What to do: Please copy, exactly as they appear below, the lines from the one containing "コンパクトデジタルカメラ、オリンパス顕微鏡写真直筒BH鏡筒への接続・取りつけ" through the one containing "訳あり 山梨県産 種なし".

Short web captions:

═══

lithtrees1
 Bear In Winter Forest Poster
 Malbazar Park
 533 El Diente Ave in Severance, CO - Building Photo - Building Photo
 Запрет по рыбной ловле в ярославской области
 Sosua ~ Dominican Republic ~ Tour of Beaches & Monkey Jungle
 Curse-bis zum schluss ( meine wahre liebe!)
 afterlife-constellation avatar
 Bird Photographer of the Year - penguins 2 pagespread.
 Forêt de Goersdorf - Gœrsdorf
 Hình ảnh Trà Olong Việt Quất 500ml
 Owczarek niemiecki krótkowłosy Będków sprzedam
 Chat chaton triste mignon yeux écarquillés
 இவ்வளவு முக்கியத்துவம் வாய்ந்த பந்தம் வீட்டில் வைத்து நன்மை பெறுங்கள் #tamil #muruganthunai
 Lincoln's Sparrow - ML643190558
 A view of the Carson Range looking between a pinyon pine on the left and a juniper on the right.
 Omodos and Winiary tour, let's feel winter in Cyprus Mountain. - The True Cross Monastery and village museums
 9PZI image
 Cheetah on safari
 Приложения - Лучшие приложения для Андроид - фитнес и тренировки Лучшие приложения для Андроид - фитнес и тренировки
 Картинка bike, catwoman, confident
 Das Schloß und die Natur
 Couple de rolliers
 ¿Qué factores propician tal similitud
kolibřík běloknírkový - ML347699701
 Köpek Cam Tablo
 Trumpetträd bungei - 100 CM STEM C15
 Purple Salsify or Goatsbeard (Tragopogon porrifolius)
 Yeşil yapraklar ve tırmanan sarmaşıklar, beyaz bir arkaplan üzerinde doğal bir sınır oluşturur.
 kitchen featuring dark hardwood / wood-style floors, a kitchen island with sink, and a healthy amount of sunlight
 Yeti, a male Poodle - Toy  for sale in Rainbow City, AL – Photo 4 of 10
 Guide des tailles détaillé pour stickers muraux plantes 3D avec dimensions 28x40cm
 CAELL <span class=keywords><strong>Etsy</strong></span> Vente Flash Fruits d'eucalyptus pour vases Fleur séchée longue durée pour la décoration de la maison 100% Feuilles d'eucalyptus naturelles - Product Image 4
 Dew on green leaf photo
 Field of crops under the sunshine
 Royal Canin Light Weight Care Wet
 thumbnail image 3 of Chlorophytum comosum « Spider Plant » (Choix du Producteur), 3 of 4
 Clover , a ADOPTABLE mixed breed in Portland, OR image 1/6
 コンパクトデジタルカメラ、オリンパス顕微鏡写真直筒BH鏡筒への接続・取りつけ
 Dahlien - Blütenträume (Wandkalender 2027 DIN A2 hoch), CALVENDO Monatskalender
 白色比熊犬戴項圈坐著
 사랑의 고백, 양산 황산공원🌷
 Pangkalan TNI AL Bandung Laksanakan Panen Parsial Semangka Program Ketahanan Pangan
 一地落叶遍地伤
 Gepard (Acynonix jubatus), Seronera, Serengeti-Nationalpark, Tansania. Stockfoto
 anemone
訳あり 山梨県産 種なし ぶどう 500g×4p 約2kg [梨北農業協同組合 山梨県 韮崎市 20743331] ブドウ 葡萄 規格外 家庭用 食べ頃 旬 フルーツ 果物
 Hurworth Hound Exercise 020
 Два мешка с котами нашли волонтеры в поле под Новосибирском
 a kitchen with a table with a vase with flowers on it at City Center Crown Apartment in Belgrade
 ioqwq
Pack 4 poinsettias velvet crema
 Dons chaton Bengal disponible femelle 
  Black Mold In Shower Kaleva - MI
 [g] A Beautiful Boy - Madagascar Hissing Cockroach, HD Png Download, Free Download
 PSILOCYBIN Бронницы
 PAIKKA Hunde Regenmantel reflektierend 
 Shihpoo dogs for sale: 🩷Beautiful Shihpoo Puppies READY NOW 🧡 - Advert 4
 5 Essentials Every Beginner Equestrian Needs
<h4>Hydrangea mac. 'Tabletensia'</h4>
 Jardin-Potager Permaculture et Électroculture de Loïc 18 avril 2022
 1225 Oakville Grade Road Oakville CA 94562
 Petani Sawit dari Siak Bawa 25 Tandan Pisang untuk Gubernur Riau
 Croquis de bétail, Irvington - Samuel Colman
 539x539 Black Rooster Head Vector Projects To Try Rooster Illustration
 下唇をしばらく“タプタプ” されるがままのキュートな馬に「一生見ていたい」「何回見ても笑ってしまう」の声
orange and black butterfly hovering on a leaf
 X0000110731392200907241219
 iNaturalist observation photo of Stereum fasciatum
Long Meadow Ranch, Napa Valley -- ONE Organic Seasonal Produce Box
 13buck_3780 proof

═══

Reply:
 コンパクトデジタルカメラ、オリンパス顕微鏡写真直筒BH鏡筒への接続・取りつけ
 Dahlien - Blütenträume (Wandkalender 2027 DIN A2 hoch), CALVENDO Monatskalender
 白色比熊犬戴項圈坐著
 사랑의 고백, 양산 황산공원🌷
 Pangkalan TNI AL Bandung Laksanakan Panen Parsial Semangka Program Ketahanan Pangan
 一地落叶遍地伤
 Gepard (Acynonix jubatus), Seronera, Serengeti-Nationalpark, Tansania. Stockfoto
 anemone
訳あり 山梨県産 種なし ぶどう 500g×4p 約2kg [梨北農業協同組合 山梨県 韮崎市 20743331] ブドウ 葡萄 規格外 家庭用 食べ頃 旬 フルーツ 果物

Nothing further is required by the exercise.